Melon Boats: a wedge of honeydew melon, diced sideways and garnished with a slice of orange and glace cherry. Unbeknownst to the guests I could tell their social standing in my mother’s eye from this starter alone. The presence of the cherry meant you were in my mother’s “good books” and the meal would be a welcome flex of her culinary muscle. The lack of a cherry wasn’t necessarily a bad thing. It just meant your visit would be embraced with civil tolerance and laced with healthy side order of platitudes. “‘Tis a far way from shiny cherries they were raised.”

Main course

Mixed Grill: this is basically a fancy fry-up. For dinner you say? Who was I to argue with my mother? The plate’s contents stretched well beyond the realms of your average breakfast fry-up to include pork chops; steak; chips and, if my mother was feeling particularly whimsical, calves liver.
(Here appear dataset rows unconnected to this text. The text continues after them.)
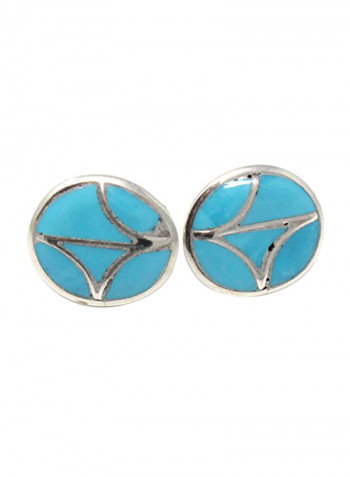 Zuni Turquoise Channel Inlay Stud Earrings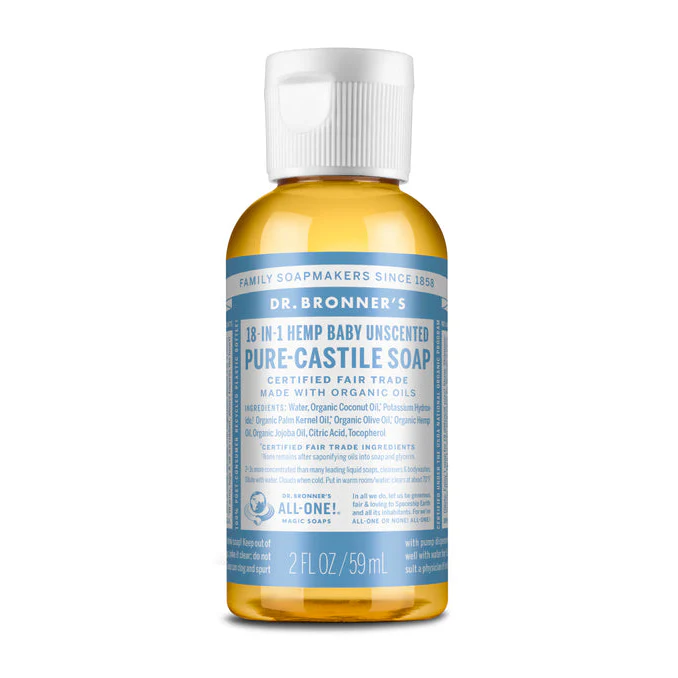 Dr Bronner's Organic 18-in-One Hemp Pure Castile Liquid Soap 59ml, 237ml, 473ml Or 946ml, Baby Unscented Fragrance - Image 2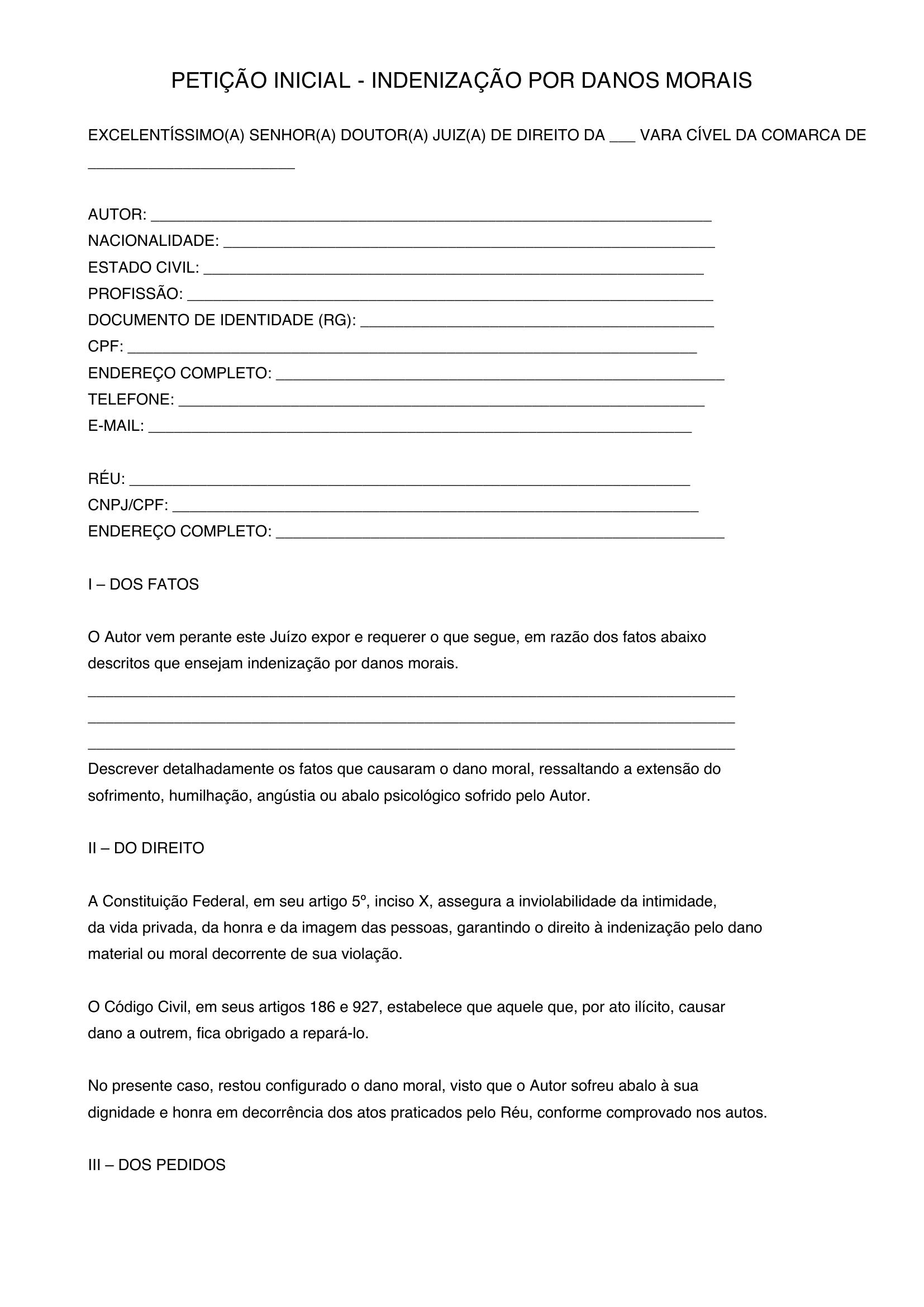 Modelo De Indenização Por Danos Morais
Like I said- I didn’t argue.

Dessert

Black Forest Gateau: this was the piece de resistance; the bee’s knees; the dog’s…you get the picture. Well it was, in my eyes. The cherries had to come from a tin (with obligatory bashed edge); the sponge had to made with Cadbury’s cocoa and soaked in syrup from said tinned cherries; and the cream had to whipped to the point of being cloud-like, but not too much, and finished with a liberal sprinkling of Cadbury’s Flake. It really was the stuff of childhood memories!

I digress. It’s because of this Black Forest Gateau and it’s inclusion in the first episode of The Great British Bake Off that I drew inspiration for my first recipe in what I’m calling my #TheGreatBeaardedBakeOff (see what I did there?…)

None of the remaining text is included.